Christianity is the most widely professed religion in Croatia and a large majority of the Croatian population declare themselves to be members of the Catholic Church. 

Croatia has no official religion and freedom of religion is a right defined by the Constitution of Croatia, which also defines all religious communities as equal in front of the law and separate from the state.

History
In the 16th century, Protestantism reached Croatia, but was mostly eradicated due to the Counter-Reformation implemented by the Habsburgs.

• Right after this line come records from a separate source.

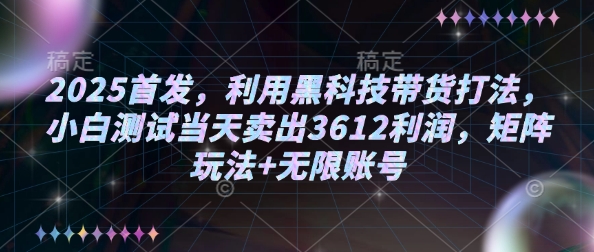 2025首发，利用黑科技带货打法，小白测试当天卖出3612利润，矩阵玩法+无限账号【揭秘】 - 网赚资源网-网赚资源网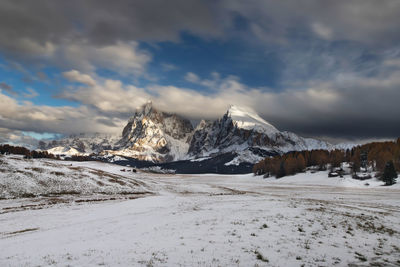 Scenic view of snowcapped mountains against sky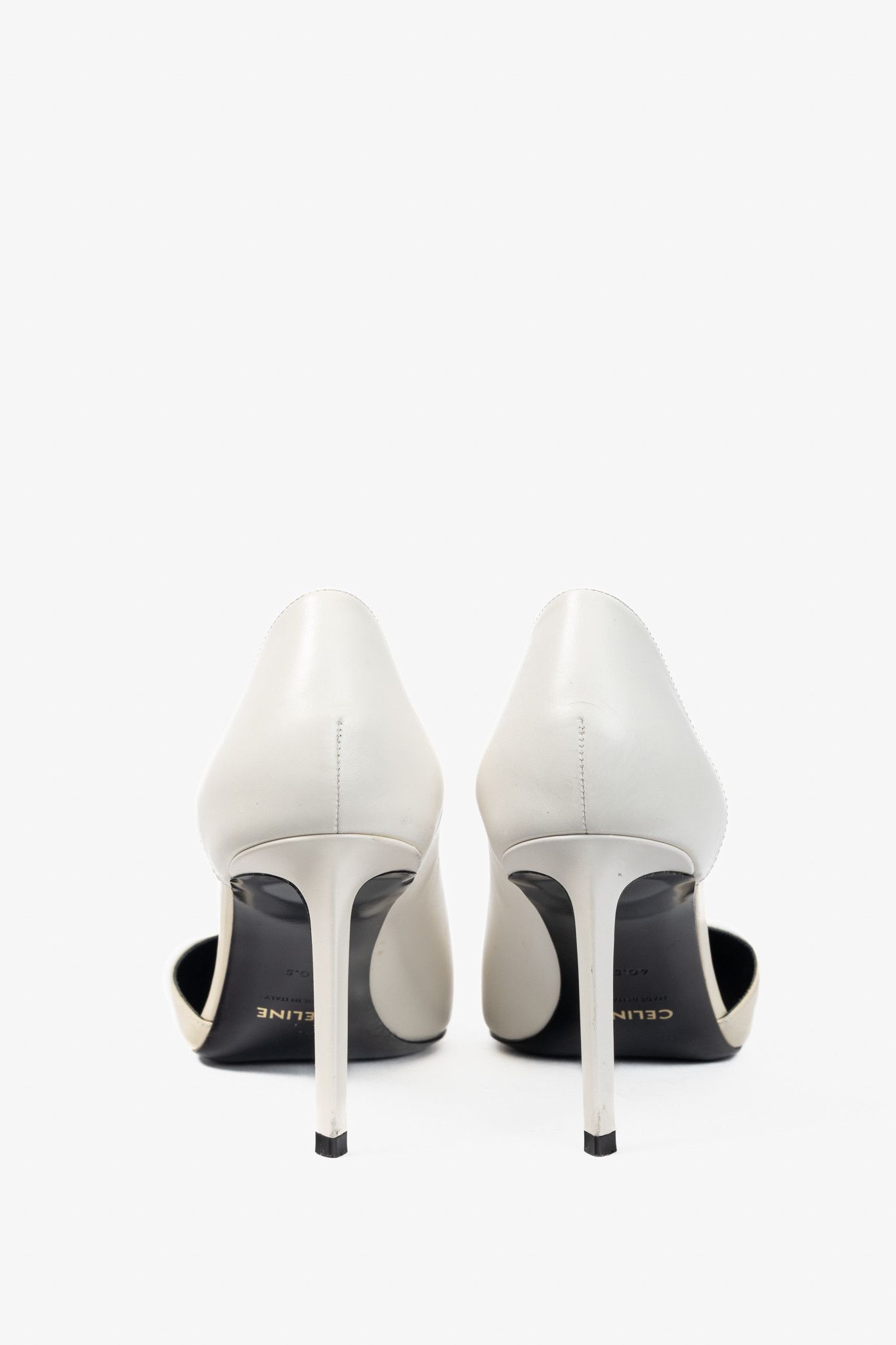 Celine Celine Ivory & Beige Two-Tone Pointed-Toe D'Orsay Pumps Size US 10 / IT 40 - 3 Thumbnail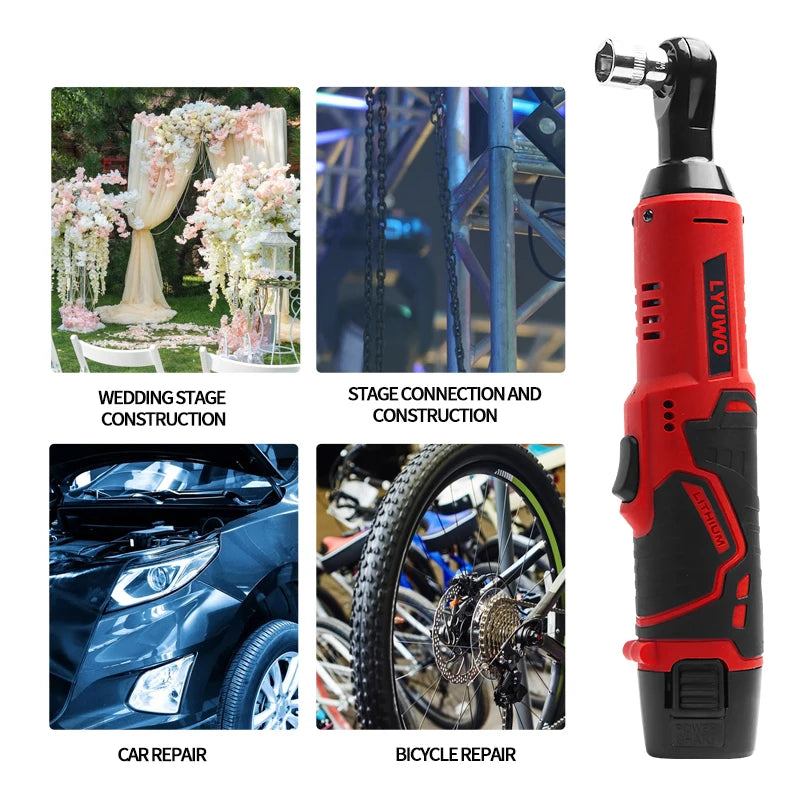 LYUWO 3/8 Rechargeable Electric , Ratchet Set, Angle Drill, Screwdriver To Remove Screw Nut, Automobile Maintenance Tool 2 Batte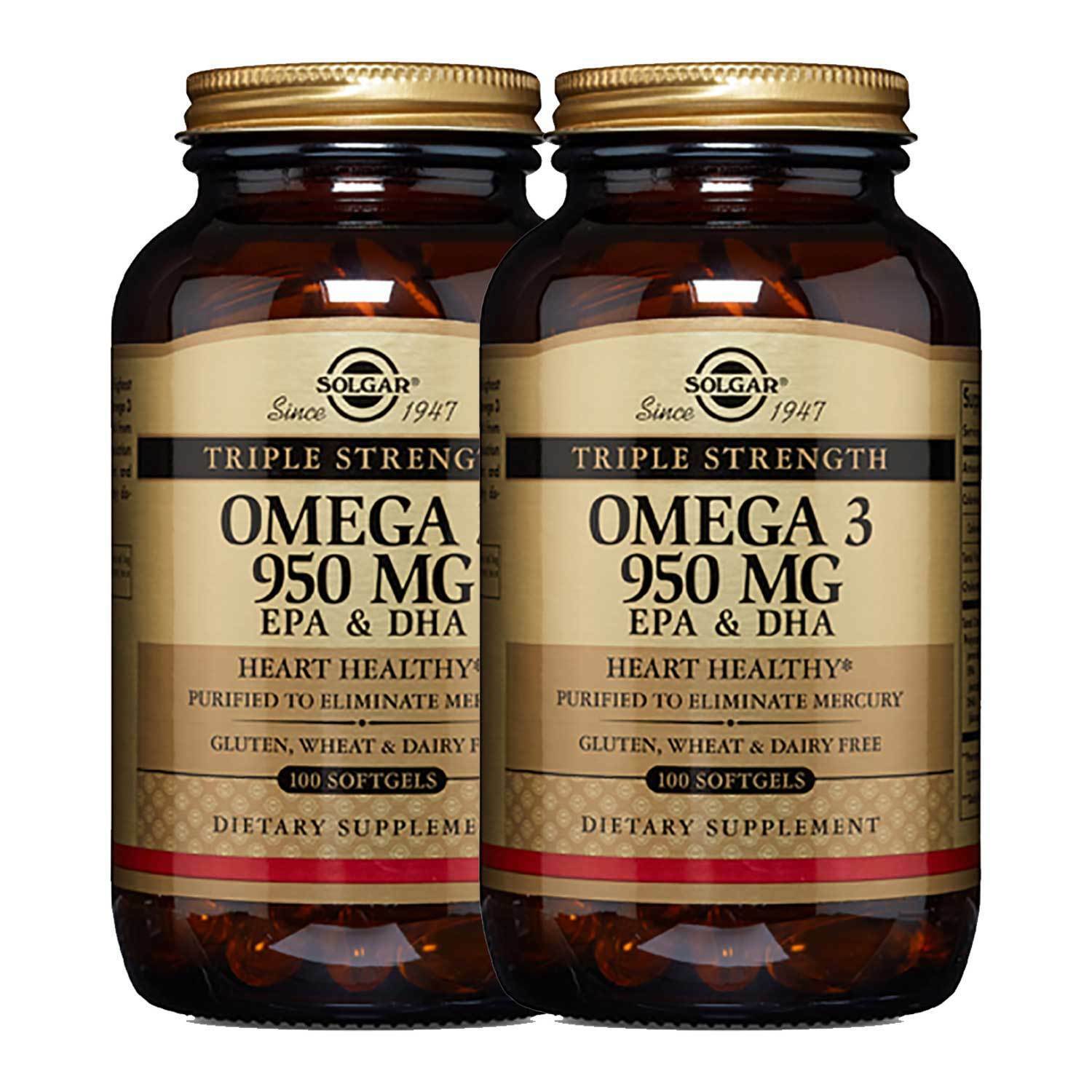 2 x Solgar Omega 3 Triple Strength 950 mg 100 Softgels 2 x Solgar Omega 3 Triple Strength 950 mg 100 Softgels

There is also significant history of the Jews in Croatia through the Holocaust. The history of the Jews in Croatia dates back to at least the 3rd century, although little is known of the community until the 10th and 15th centuries. By the outbreak of World War II, the community numbered approximately 20,000 members, most of whom were murdered during the Holocaust that took place on the territory of the Nazi puppet state called Independent State of Croatia. After World War II, half of the survivors chose to settle in Israel, while an estimated 2,500 members continued to live in Croatia. According to the 2011 census, there were 509 Jews living in Croatia, but that number is believed to exclude those born of mixed marriages or those married to non-Jews. More than 80 percent of the Zagreb Jewish community were thought to fall in those two categories.

Demographics
According to the 2011 census 86.28% of Croatians are Catholics, while Orthodox Christians make up 4.44% of the population, Muslims 1.47%, and Protestants 0.34% of the population. 3.81% of Croatians are not religious and atheists, 0.76% are agnostics and sceptics, and 2.17% are undeclared. In the Eurostat Eurobarometer Poll of 2005, 67% of the population of Croatia responded that "they believe there is a God". In a 2009 Gallup poll, 70% answered yes to the question "Is religion an important part of your daily life?". However, only 24% of the population attends religious services regularly.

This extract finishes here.